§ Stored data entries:
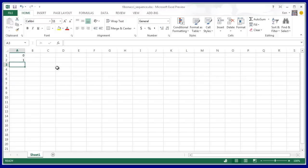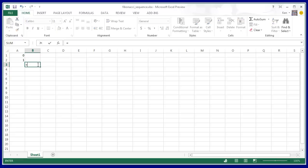And what I'm going to do then is go to this cell here and add the two cells, A1 plus A2.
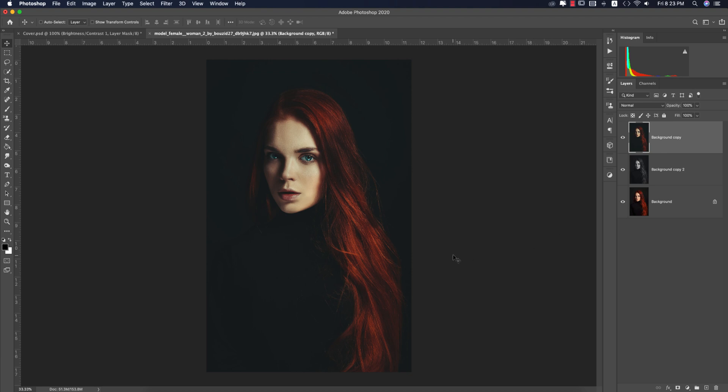I hope you learned a lot from this video. These presets will help make your photo editing easier. Stay safe, stay at home, and keep safe from the coronavirus. Until the next video, I am Inseven, signing out today. Bye!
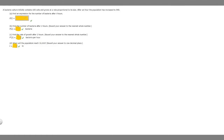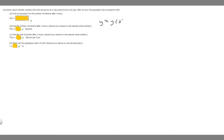In this problem we're told that a bacteria culture initially contains 100 cells and grows at a rate proportional to its size. After an hour the population has increased to 540. We're asked to find the expression for the number of bacteria after two hours, find the number of bacteria after two hours, find the rate of growth after two hours, and find when the population will reach 10,000. To solve the first part, there's a formula you have to know: y is equal to y-sub-zero times e raised to k times t. We're going to use this as the basis to solve this problem.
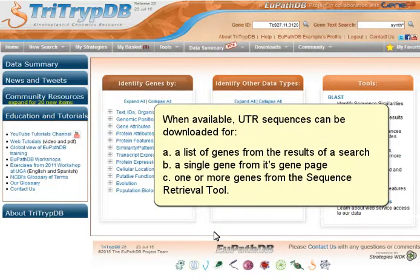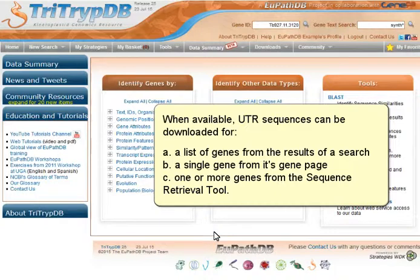When available, UTR sequences can be downloaded for a list of genes from the results of a search, a single gene from its gene page, or one or more genes from the sequence retrieval tool.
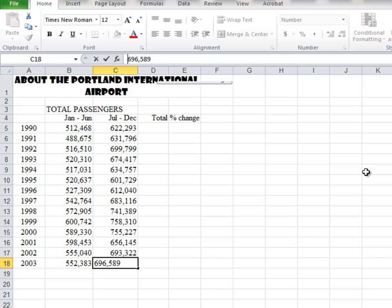Sometimes you want a number to be thought of as text. For example, instead of January to June and July to December in these two cells, if I wanted 2010 and 2011, I'd want those thought of as text. Putting a space in front of those numbers would be good, because then when I did a total it wouldn't include that 2010 in the total, which I wouldn't want anyway.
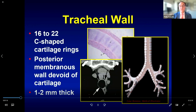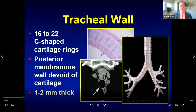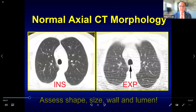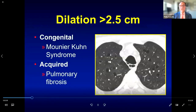The anterior and lateral walls of the trachea are composed of 16 to 22 C-shaped cartilage rings, which are relatively inflexible. In contrast, the posterior membranous wall is more flexible. On paired inspiratory and end-expiratory CT scans, the oval shape typical at inspiration changes at expiration — the posterior membranous wall moves forward, creating a flattened posterior wall and an overall horseshoe shape. In some patients there may be actual anterior bowing of the posterior membranous wall.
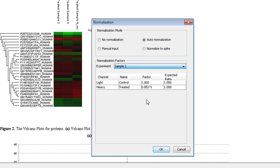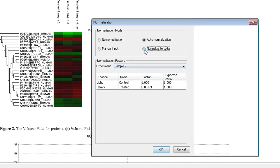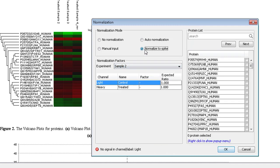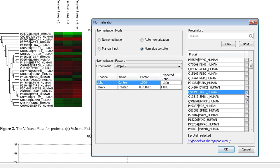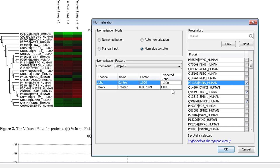Other options are available, such as normalize to spike, referring to a spiked-in protein. A list of all quantifiable proteins will be displayed. Select a protein or group of proteins that you know of a certain ratio, and enter the expected ratio in the expected ratio field. Then apply the changes.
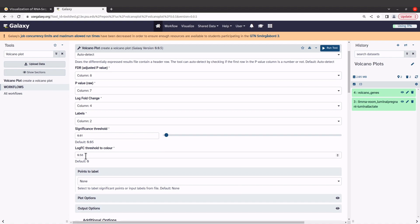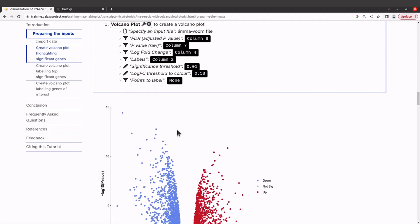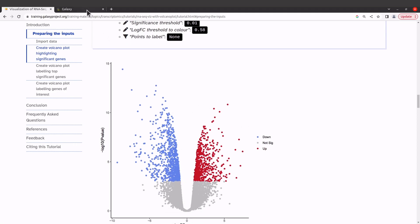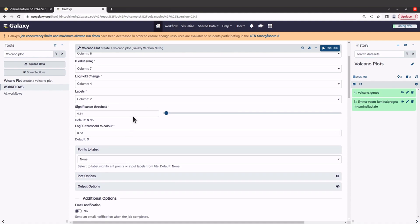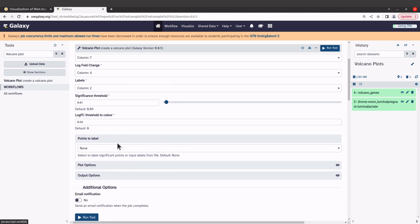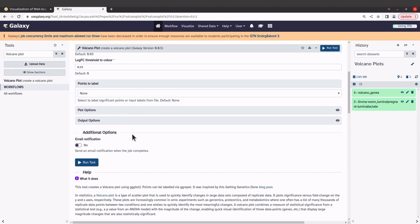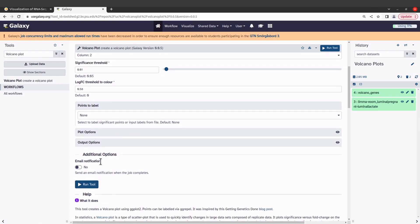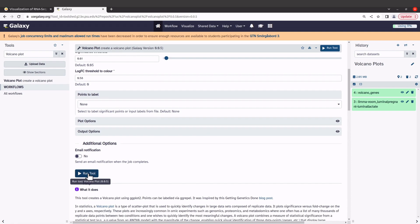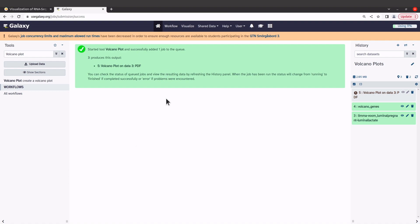For 'Points to Label' we select 'None' for this first plot — we just want the generic volcano plot without any gene labels. We've now specified all the necessary parameters, so click 'Run Tool'. Once you click it, the job will be submitted and an output will appear. Wait for Galaxy to complete the job; what will be generated is a PDF file containing the plot.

§ The task: Needed here is a verbatim copy of the data from the first line through the line with "Sometimes you want", without pictures.

§ Solution to this exercise:
And what I'm going to do then is go to this cell here and add the two cells, A1 plus A2.
I hope you learned a lot from this video. These presets will help make your photo editing easier. Stay safe, stay at home, and keep safe from the coronavirus. Until the next video, I am Inseven, signing out today. Bye!
In this problem we're told that a bacteria culture initially contains 100 cells and grows at a rate proportional to its size. After an hour the population has increased to 540. We're asked to find the expression for the number of bacteria after two hours, find the number of bacteria after two hours, find the rate of growth after two hours, and find when the population will reach 10,000. To solve the first part, there's a formula you have to know: y is equal to y-sub-zero times e raised to k times t. We're going to use this as the basis to solve this problem.
When available, UTR sequences can be downloaded for a list of genes from the results of a search, a single gene from its gene page, or one or more genes from the sequence retrieval tool.
Sometimes you want a number to be thought of as text. For example, instead of January to June and July to December in these two cells, if I wanted 2010 and 2011, I'd want those thought of as text. Putting a space in front of those numbers would be good, because then when I did a total it wouldn't include that 2010 in the total, which I wouldn't want anyway.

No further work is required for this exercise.